I've been wracking my brain trying to think of a proper way to respond without spending all day at my keyboard and typing lengthy and tedious explanations of Hemingway's style. Noisms beat me to it, and summed it up better than I possibly could. Hemingway is more about emotion than intellect, although he does have an intellectual side.

When I read For Whom the Bell Tolls, I remember expecting a plot twist every page. I expected that someone would be a double agent and betray Robert Jordan. But that was what a lesser novel would do, and my expectations were inflated by television and spy novels. What Hemingway set out to do was write how it would have really happened according to his experience, and taken in that vein the novel is very true. Any exaggerations or twists would have been superficial and inappropriate.

That said, For Whom the Bell Tolls is not without moments of sublimity. There is that wonderful depiction of El Sordo's last stand on the hill. The savage communist uprising of Pablo's village is also quite memorable, as was the showdown where Pablo refused to be baited into a fight. That stuff was intense. Then there's the wonderful opening and closing sections so full of peace and nature. The novel has delightful sections of humor to, like when that foul mouthed guerilla talked about defecating in the enemy plane's engines at 30,000 feet, or when he's almost shot delivering a message because the guards are lazy. The section where the old man dies is powerful, and I don't think I'll forget Pablo shooting those men in the back. The book definitely has it's moments.

Virgil
12-11-2009, 11:31 AM
I've been wracking my brain trying to think of a proper way to respond without spending all day at my keyboard and typing lengthy and tedious explanations of Hemingway's style. Noisms beat me to it, and summed it up better than I possibly could. Hemingway is more about emotion than intellect, although he does have an intellectual side.
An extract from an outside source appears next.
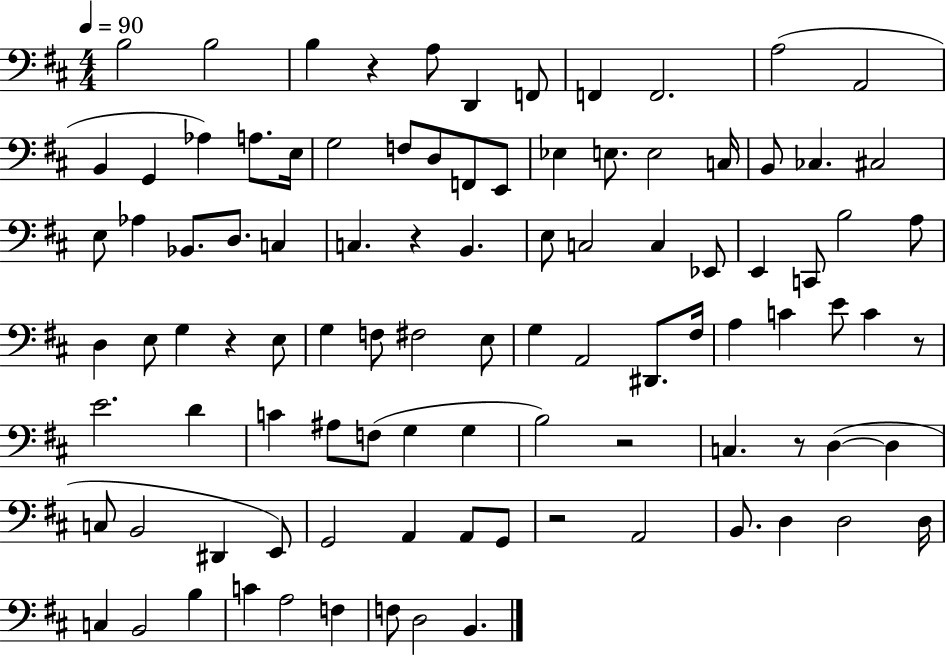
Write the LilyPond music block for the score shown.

Hehe, sorry to have caused you anguish. I don't know if Hemingway is so much about emotion, any more than any other writer. When he's "on" he captures life and the moment as well as anyone. When he's not "on", he's flat, or sometimes mawkish, or melodramtic.

Oh I must put in a good word for A Moveable Feast. Not sure if that was mentioned here. That's a well written work. I definitely recommend it.

Mariamosis
12-14-2009, 07:49 PM
I absolutely loved 'The Old Man and the Sea'!

I also read Hemmingway's 'The Garden of Eden', which I enjoyed reading, however, I wouldn't consider it one of my favorites.

Which Hemmingway should I tackle next?

Jeremydav
12-15-2009, 02:40 PM
Farewell to Arms is a classic. If not then The Sun Also Rises or For Whom the Bell Tolls (I read this one, but not The Sun Also Rises).